Al bocciodromo di Zurigo per affermare una verità storica.
Mentre scrivo ho ancora negli occhi la visione del grande salone del bocciodromo di Zurigo.
Abituato da anni a udire le urla del popolo pallonaro convenuto a sostenere le due squadre cittadine, o le martellate dei bocciofili nel tiro al bersaglio del pallino al di sopra delle loro teste, ha vissuto, il 26 gennaio scorso, la serata della commozione, del ricordo e del ringraziamento al grande statista che cercò, in alleanza con Enrico Berlinguer, di cambiare la storia dell’Italia, innovandola a esempio di un nuovo e avanzato processo democratico che prevedesse la partecipazione protagonista delle grandi masse popolari del nostro paese.
Una folta folla. L’atmosfera delle grandi occasioni.
In piedi, a dominare la scena, in due ore di lucida follia enunciativa, il grande Gero Grassi, l’uomo che si è ripromesso di indicare alla nazione il percorso ineludibile della verità perché si possa finalmente conoscere la vera storia di un assassinio e dei loro colpevoli annidati negli apparati più oscuri dei servizi segreti interni e internazionali che si opponevano, servendosi del brigatismo rosso, alla rinascita civile, politica e sociale del nostro Paese come componente decisiva della costruzione della nuova Comunità europea.

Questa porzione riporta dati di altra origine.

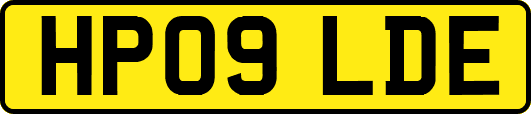 HP09LDE
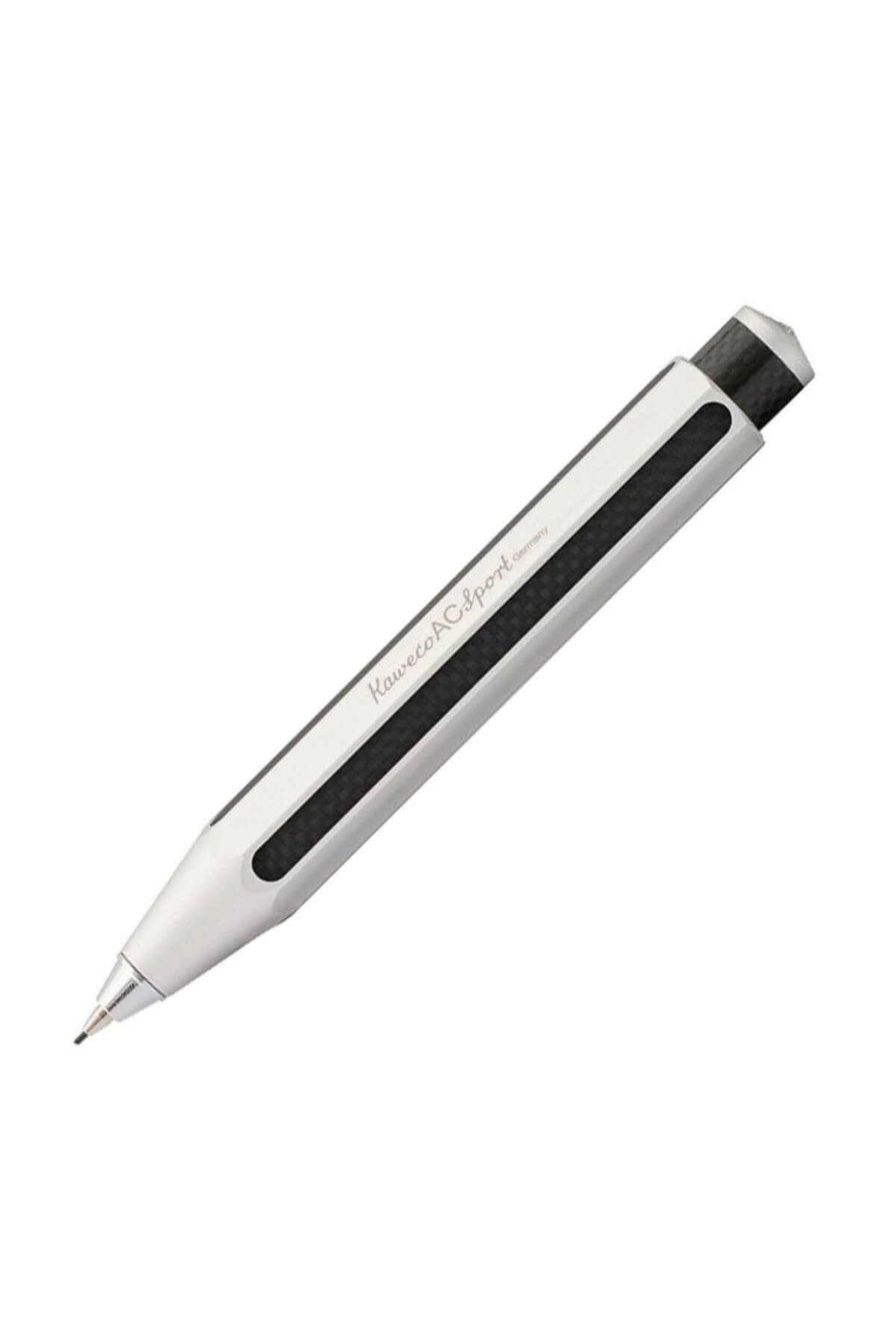 Kaweco Ac Sport Versatil Kalem Siyah-Gümüş 0.7 Mm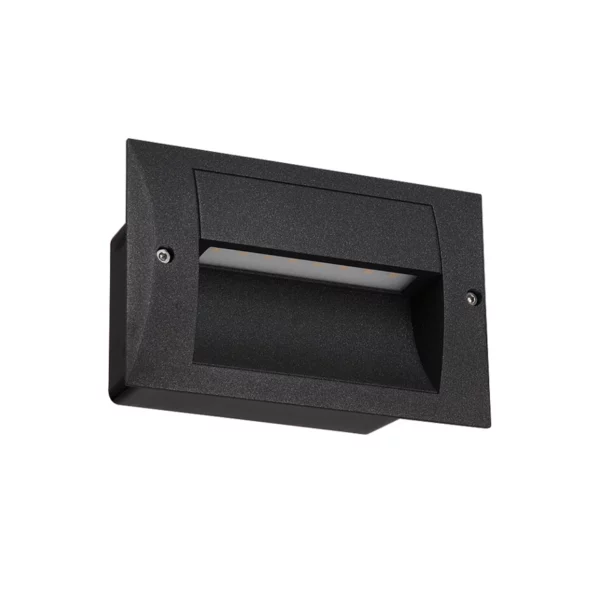 LED Wandleuchte Glors 4W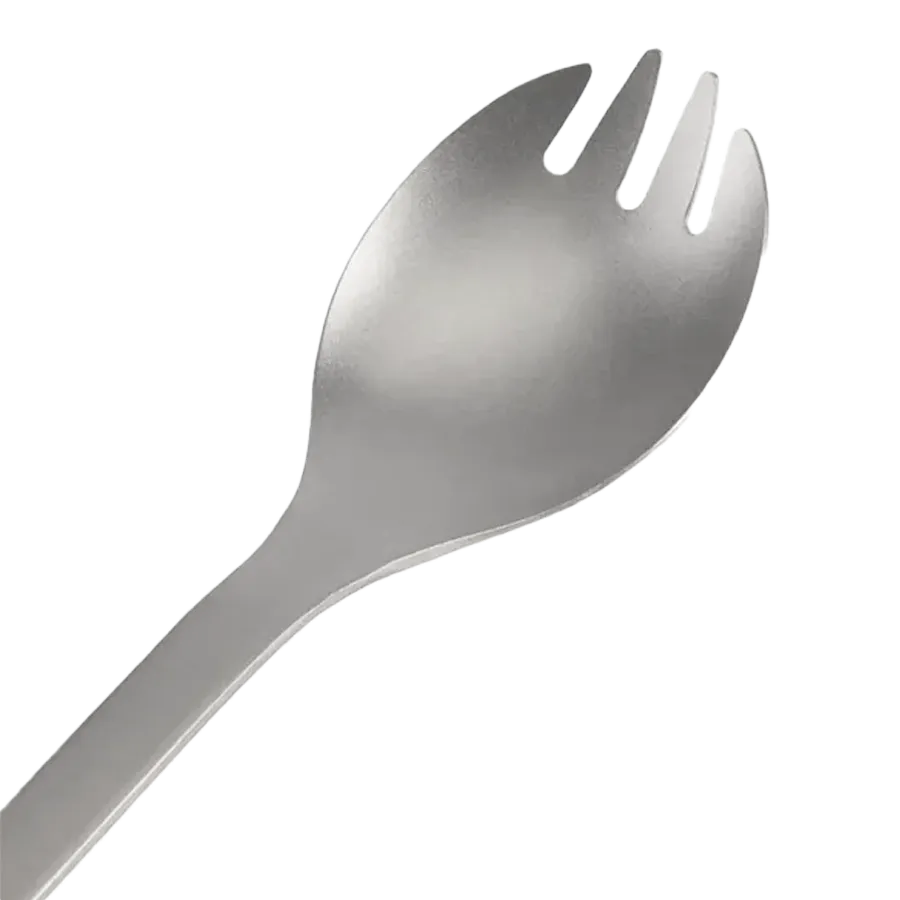 Long Titanium Spork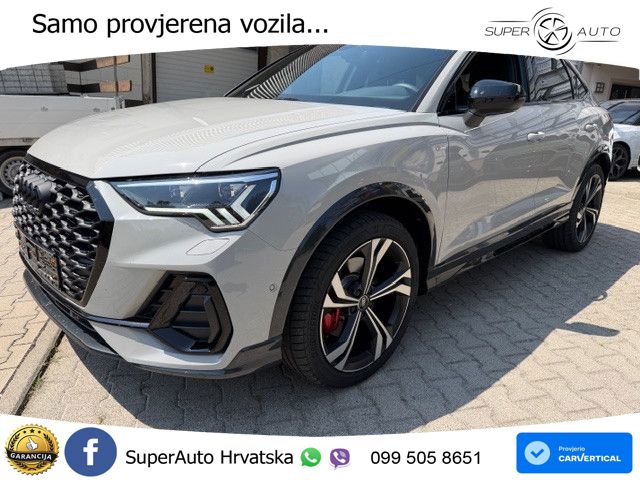 Audi Q3 II Sportback 40 TFSI (190 KS) quattro S tronic S line LED+GR SJED+ACC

Gero Grassi, due ore senza appunti, la magia di una memoria perpetua nel raccontare la vita, tutta la vita, di Aldo Moro. Dalla Costituente, ove attirò l’attenzione dei capi storici dell’Italia liberata, affrontando il tema della persona (Persona con la P maiuscola), nella scrittura della costituzione repubblicana, come accademico all’università la Sapienza e uomo creativo nell’attività di governo sino alla morte brutale in quel tragico nove maggio del settantotto.
Gero parlava con quella sua voce roca, il prodotto delle tante sigarette quotidiane, mentre alle sue spalle scorrevano le immagini brutali di quelle giornate. Raccontava come se lui, Aldo Moro, fosse ancora e sempre presente all’eccidio del suo maestro politico e di vita.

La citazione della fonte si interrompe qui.